#### DIRECTIONS FOR THIS TASK:
Write out exactly the lines below starting at the one containing "Leitungsschutzschalter von Siemens, Modell" and ending at the one containing "Image of Men's". Omit every picture.

#### TASK INPUT:
+ + + + +

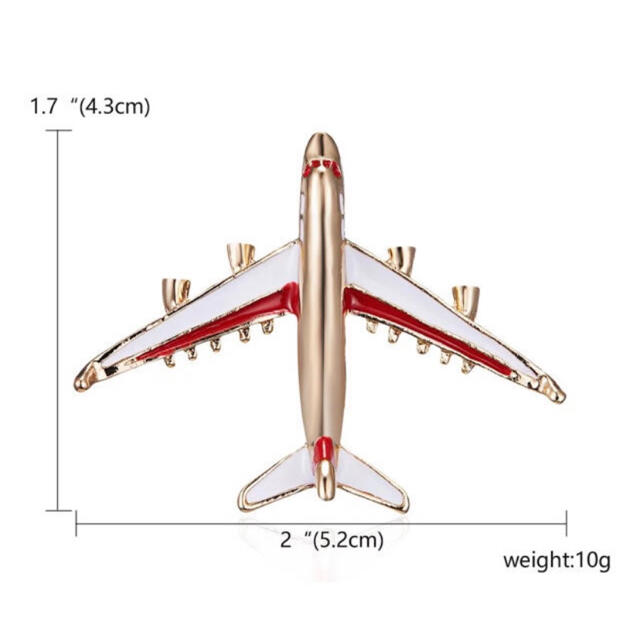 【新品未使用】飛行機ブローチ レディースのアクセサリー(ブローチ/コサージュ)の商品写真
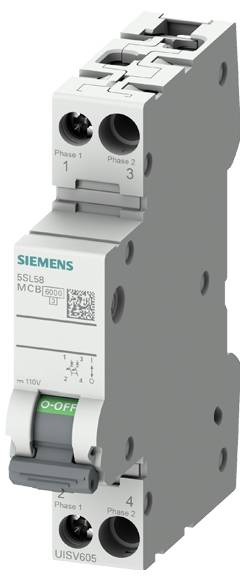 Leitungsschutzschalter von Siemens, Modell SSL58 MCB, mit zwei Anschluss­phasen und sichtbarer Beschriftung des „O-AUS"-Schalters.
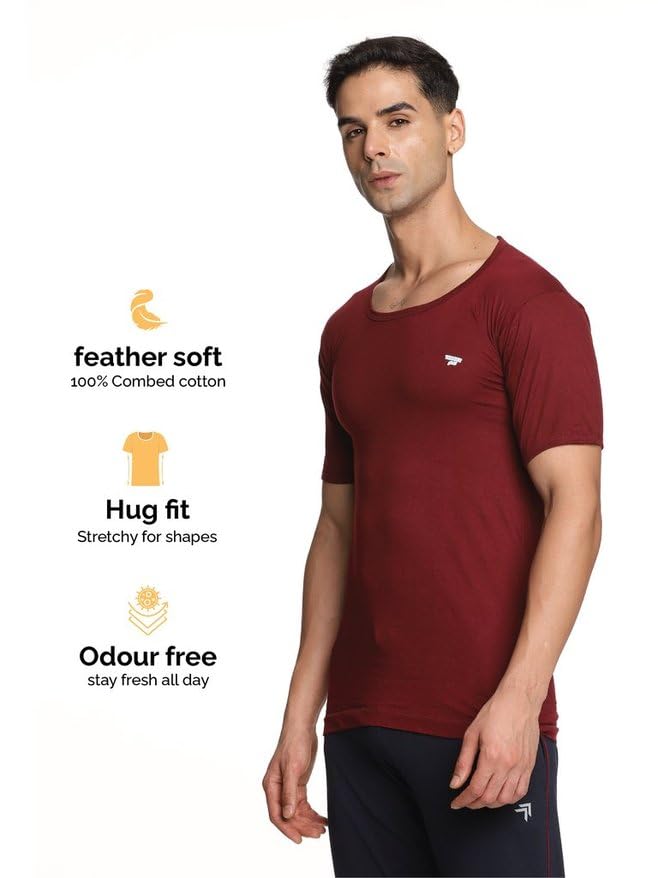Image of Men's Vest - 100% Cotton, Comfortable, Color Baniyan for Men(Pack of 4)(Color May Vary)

+ + + + +

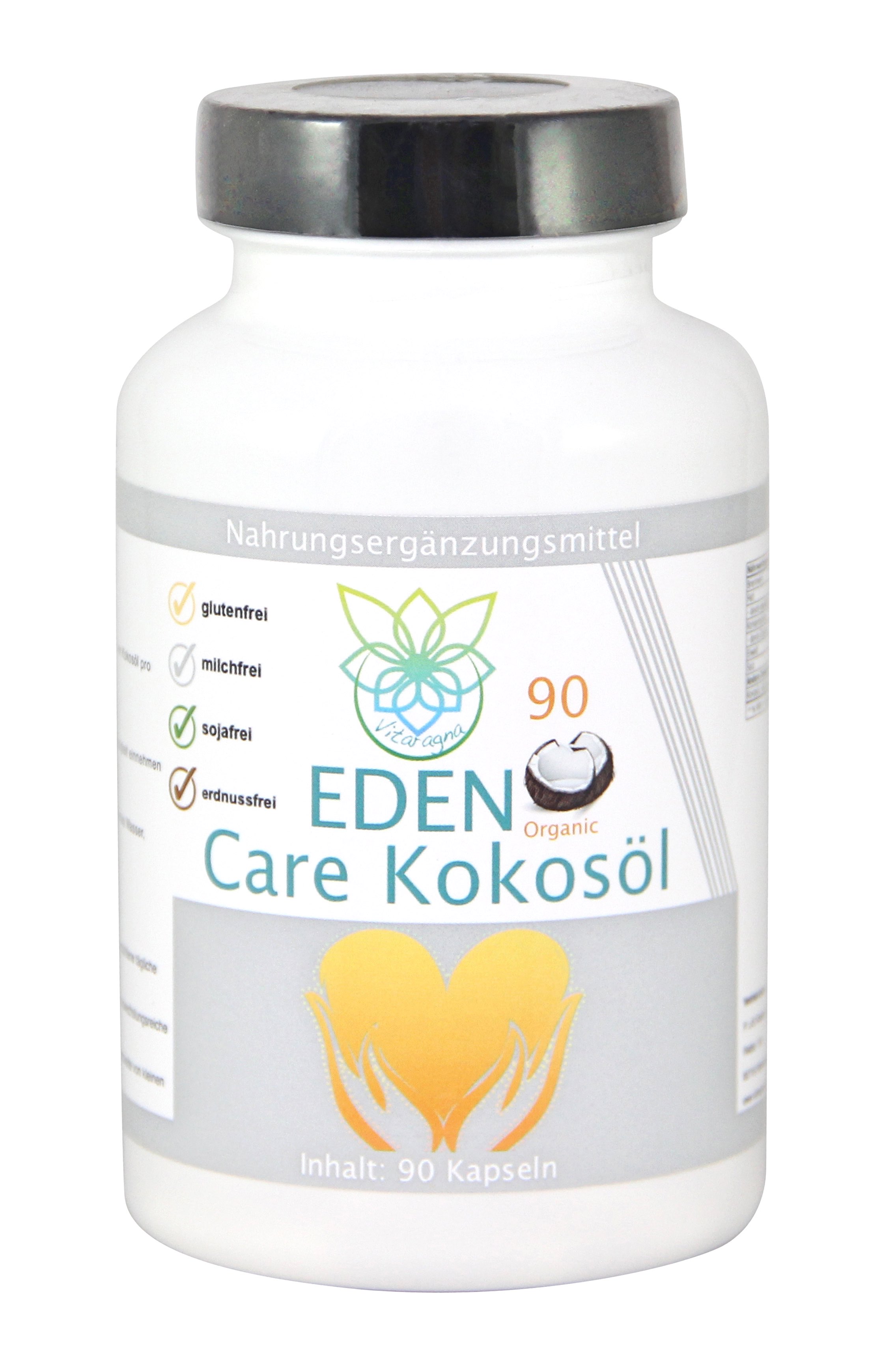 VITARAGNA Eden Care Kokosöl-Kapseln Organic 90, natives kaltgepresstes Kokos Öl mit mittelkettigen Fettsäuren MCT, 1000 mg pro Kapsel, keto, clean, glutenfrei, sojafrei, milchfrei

+ + + + +

#### ANSWER TO THIS EXERCISE:
 Leitungsschutzschalter von Siemens, Modell SSL58 MCB, mit zwei Anschluss­phasen und sichtbarer Beschriftung des „O-AUS"-Schalters.
Image of Men's Vest - 100% Cotton, Comfortable, Color Baniyan for Men(Pack of 4)(Color May Vary)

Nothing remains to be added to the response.